Smarty Jones Returns To Parx On Labor Day

Live Racing Begins Again on Saturday

Live racing resumes this Saturday the 31st at Parx as the track kicks off a tremendous Labor Day weekend of racing highlighted by the return of Smarty Jones. The 2004 Kentucky Derby and Preakness champion will make his first appearance at the track in 15 years, set to be paraded through the stretch, in the walking ring and the winner’s circle shortly after 5PM. The Kentucky Derby and Preakness trophies will also be on display and fans will have an opportunity to get their pictures taken with the prestigious hardware.

The Labor Day racing program will offer 12 races including seven stakes, highlighted by the $300,000 G3 Turf Monster Handicap on the grass at five furlongs and the $300,000 G3 Smarty Jones Stakes for three year-olds at one mile and seventy yards on the main track.
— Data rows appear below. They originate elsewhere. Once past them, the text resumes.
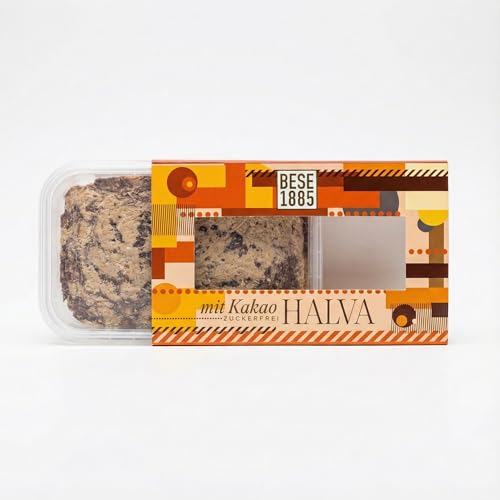 Halva de Sésamo Sin Azúcar con Extracto de Dátil 227g – Dulce Turco Natural con 60% Tahini – Sin Gluten, Sin Glucosa y Sin Aceite de Palma – [Sabor: Natural/Cacao/Pistacho] (Cacao (Sin Azúcar))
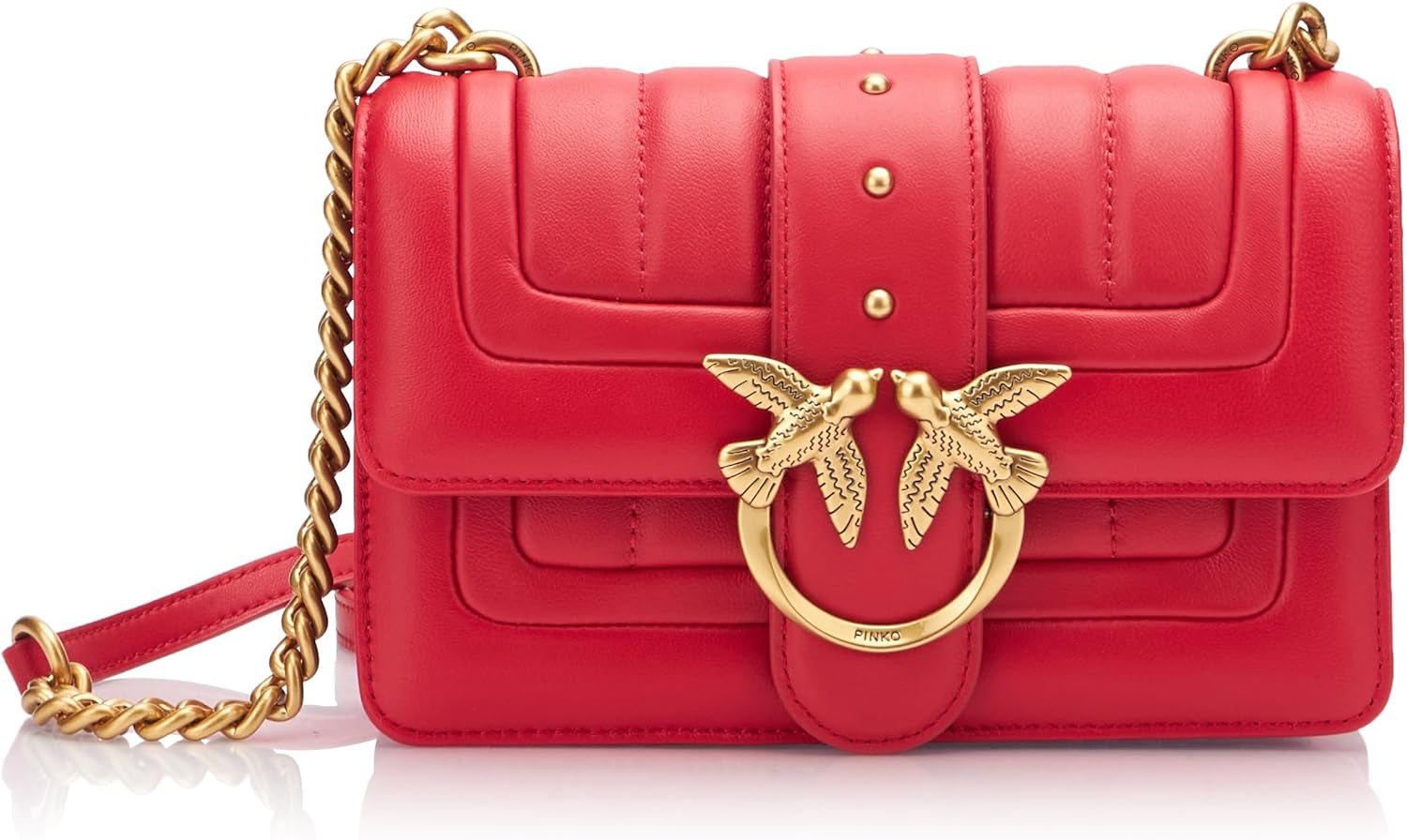Pinko Ladies Love One Mini Cl Single Side Sheep Nappa Line Quilt Bag Damen Taschen Naty Shop R30Q_Rot Antikgold
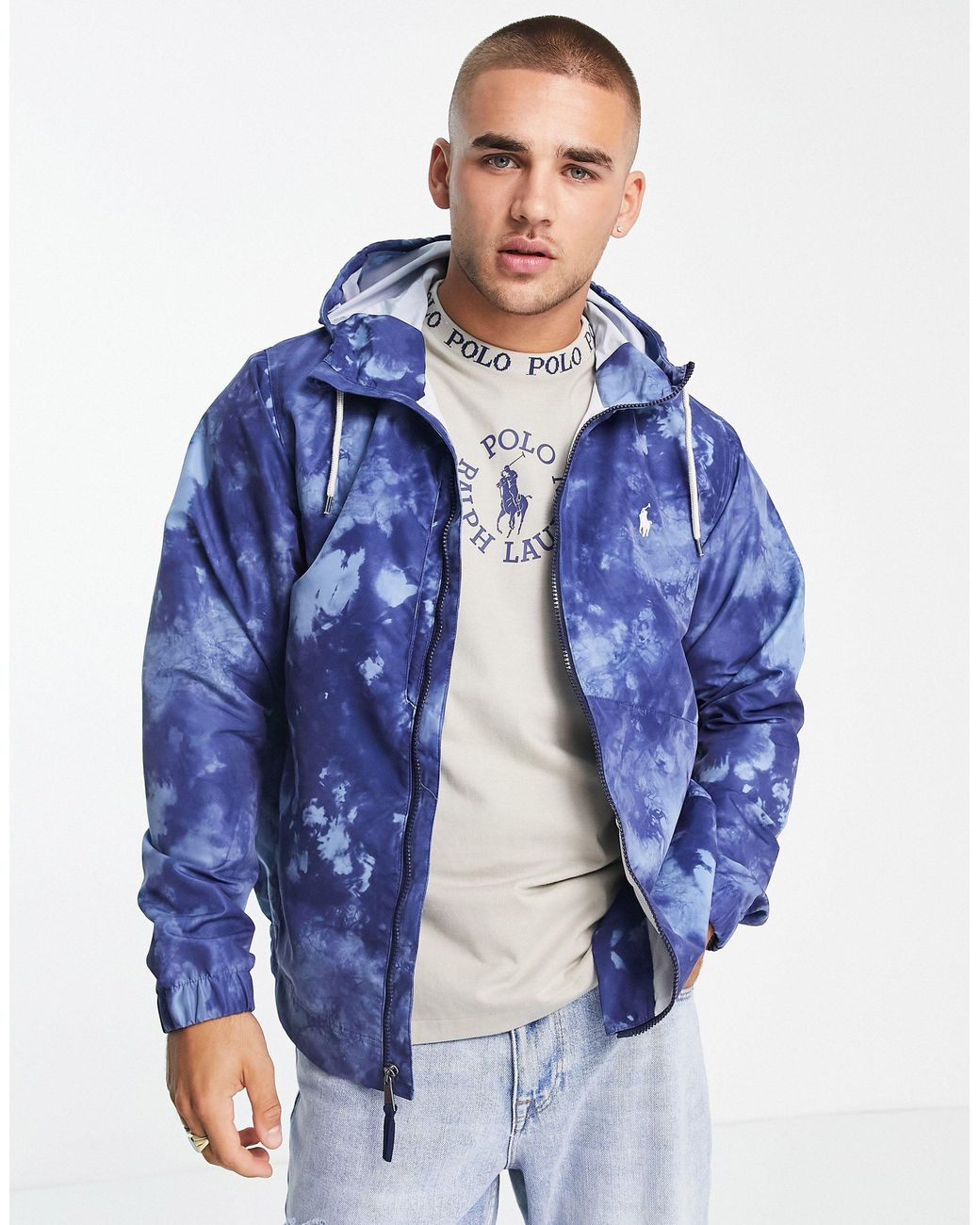 X asos - collaboration exclusive - coupe-vent pliable avec logo circulaire  imprimé au dos - tie-dye Polo Ralph Lauren pour homme en coloris Bleu | Lyst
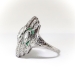 Art Deco .88ct. tw. Diamond and Emerald Navette Ring Platinum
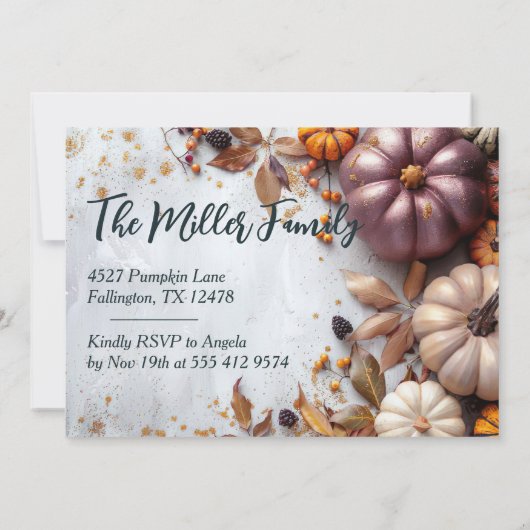 Invitation du Citrouille du dîner de Thanksgiving (Dos)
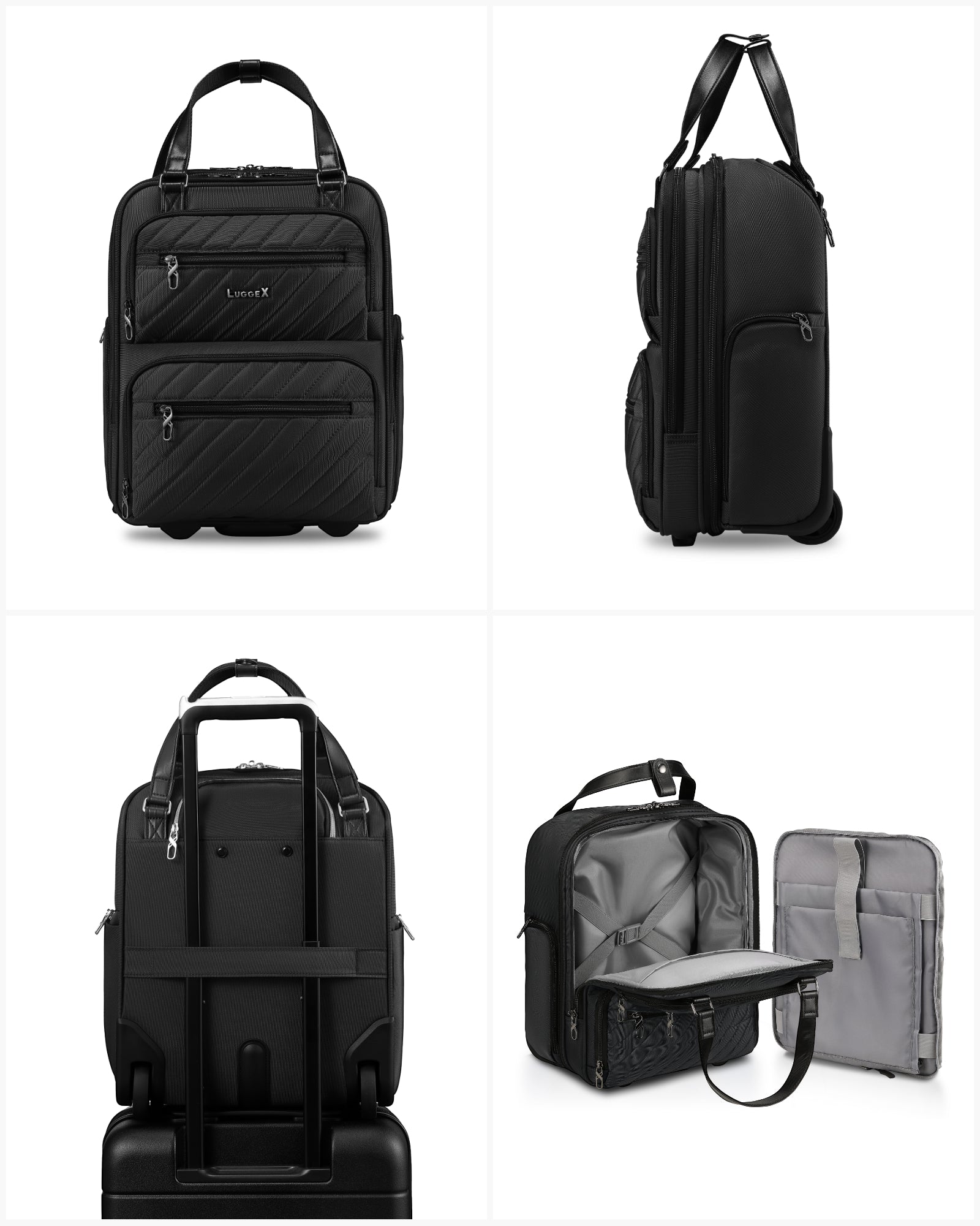 Luggex Underseat Carry On | Lightweight & Perfect for Short Trips (16 Inch) 16-Inch All Black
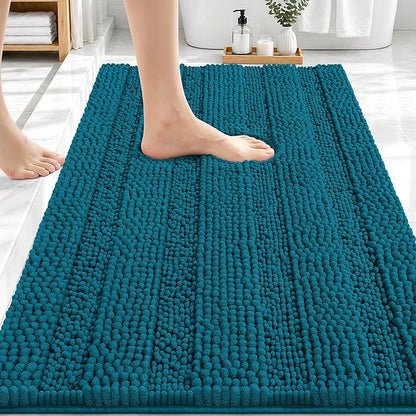 OLANLY Thick Bathroom Rugs 30x20, Chenille Striped Bath Rugs, Peacock Blue | Rubber Backing, Machine Wash, Extra Soft Absorbent Bath Mats for Bathroom Floor, Tub and Shower, Home Decor Accessories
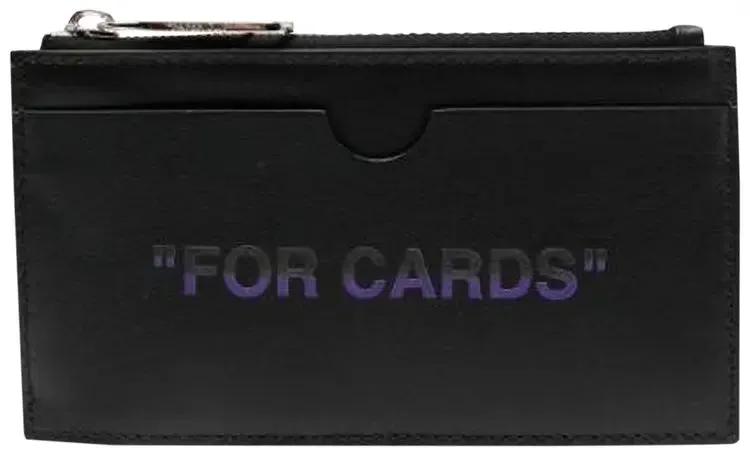 Off-White Quote Zipped Card Case Black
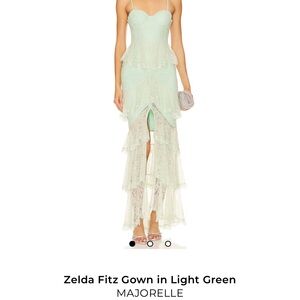 Majorelle Zelda Fitz Gown in Light Green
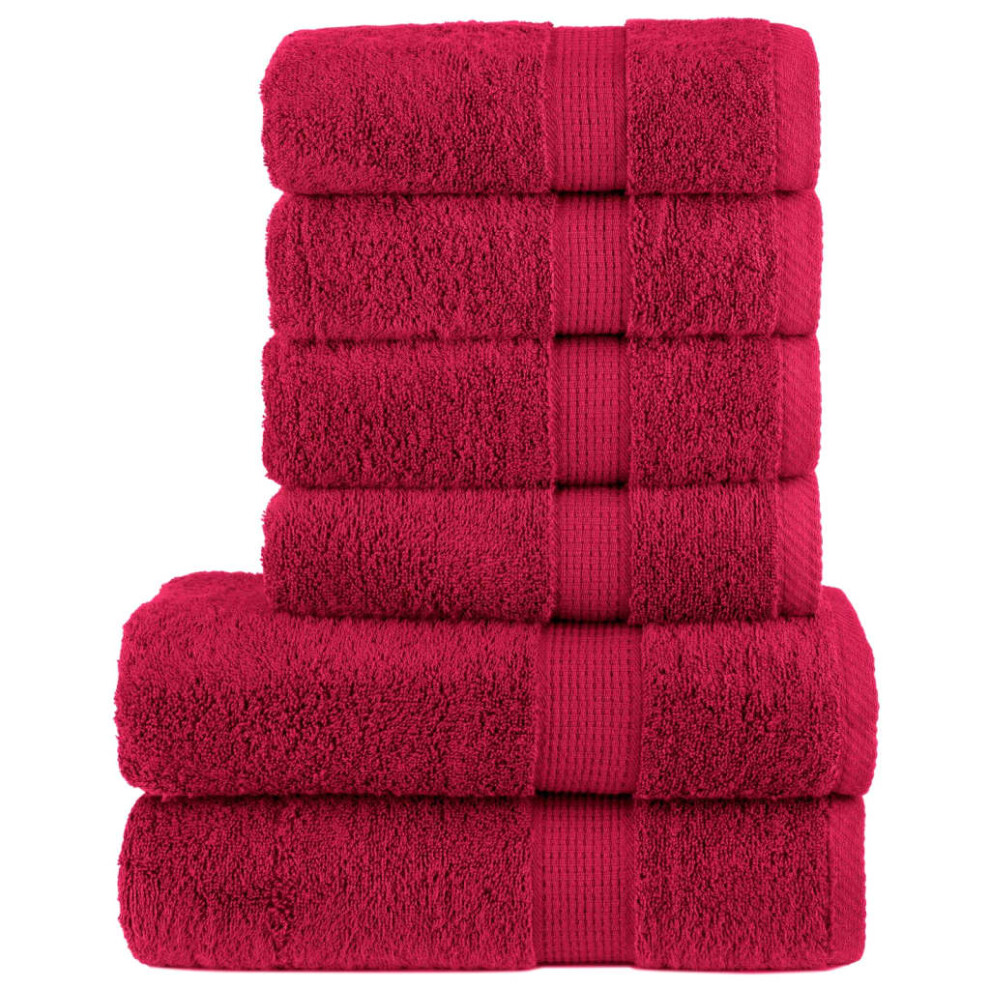 (red) vidaXL Premium Towel Set 6 Piece Shower Towel Bath Towels 600 gsm 100% Cotton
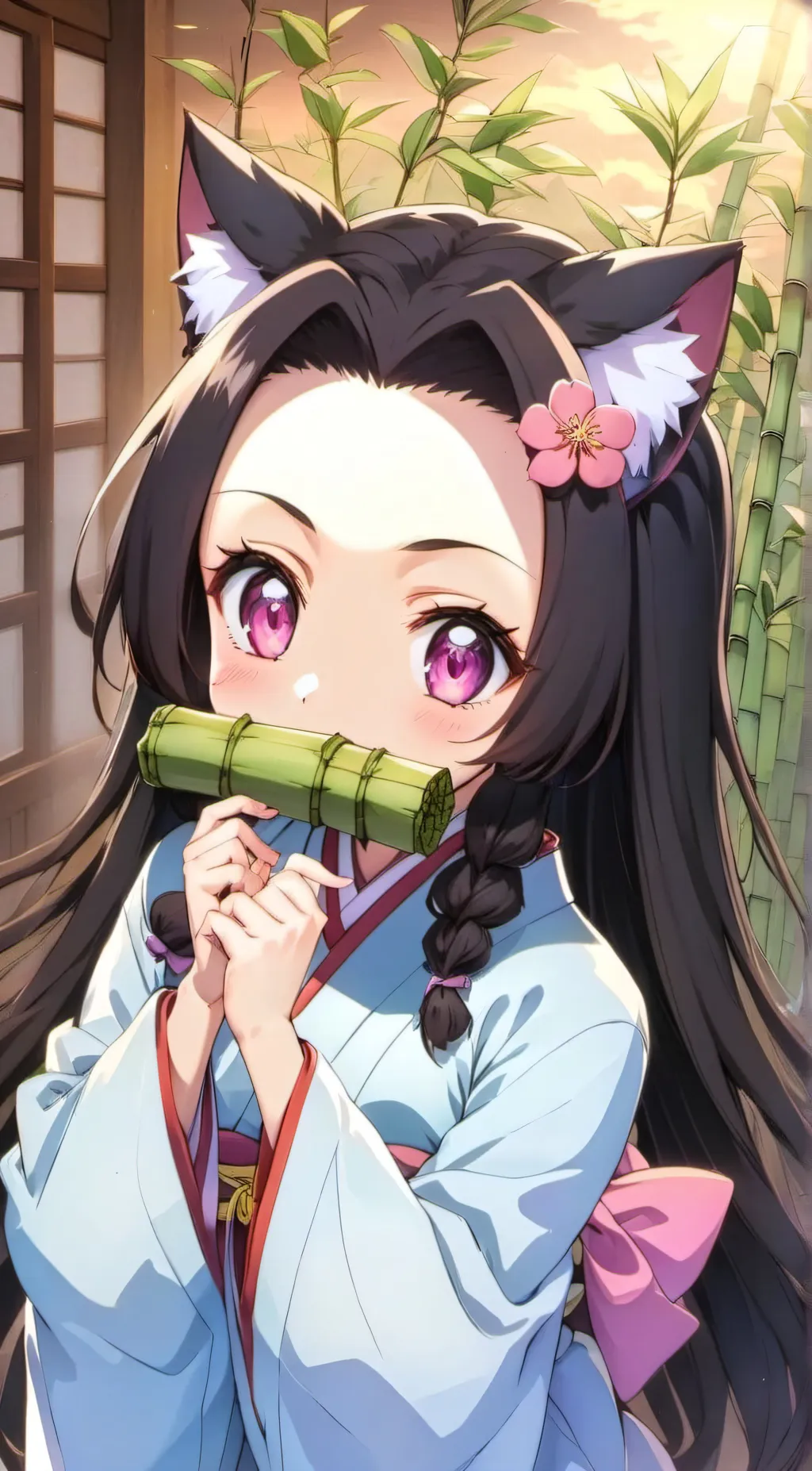 ai character: nezuko background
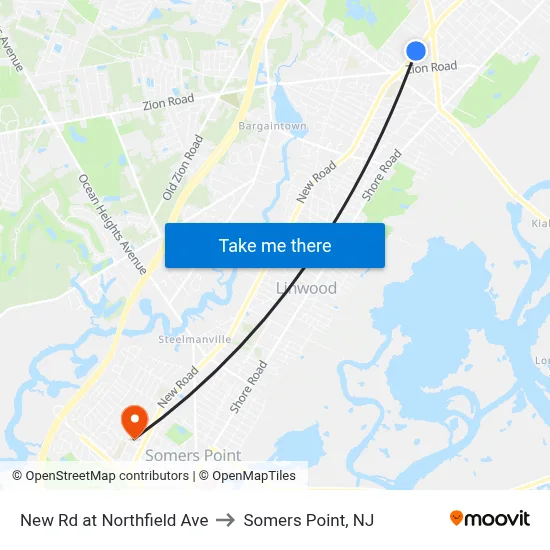 New Rd at Northfield Ave to Somers Point, NJ map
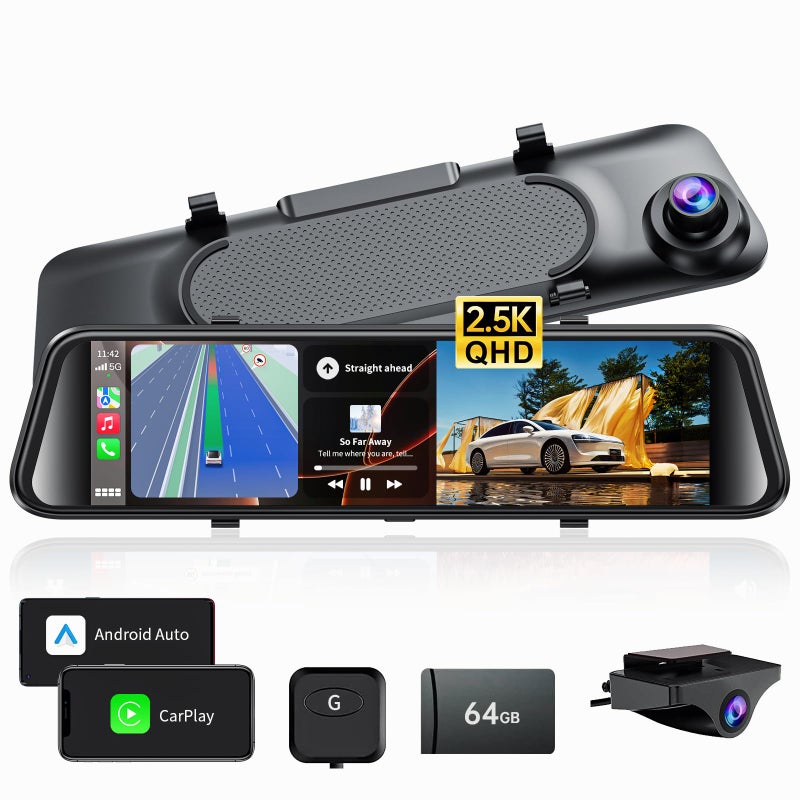 JOMISE 25K Mirror Dash Cam with Carplay Mirror Android Auto Dash Cam Front and Rear with Zoom Function12 inches Rear View Mirror Camera with Voice ControlBT Call64GB Card IncludedJOMISE K17 Pro - Image 2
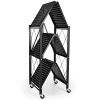 Simple Deluxe 3-Tier Heavy Duty Foldable Metal Rack Storage Shelving Unit with Wheels Moving Easily Organizer Shelves Great for Garage Kitchen Holds u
PHL 17 will present a two hour live telecast from 4-6PM, covering four of the seven stakes. Neil Hartman will host the broadcast with analysis from Dick Jerardi and Caton Bredar. Post time for the Labor Day card is 12:25PM.

With racing returning to the Bensalem track, Parx will also add Sundays to its live schedule, now offering live racing Saturday through Tuesday until the first week of December. With the exception of Labor Day, post time will be 12:55PM.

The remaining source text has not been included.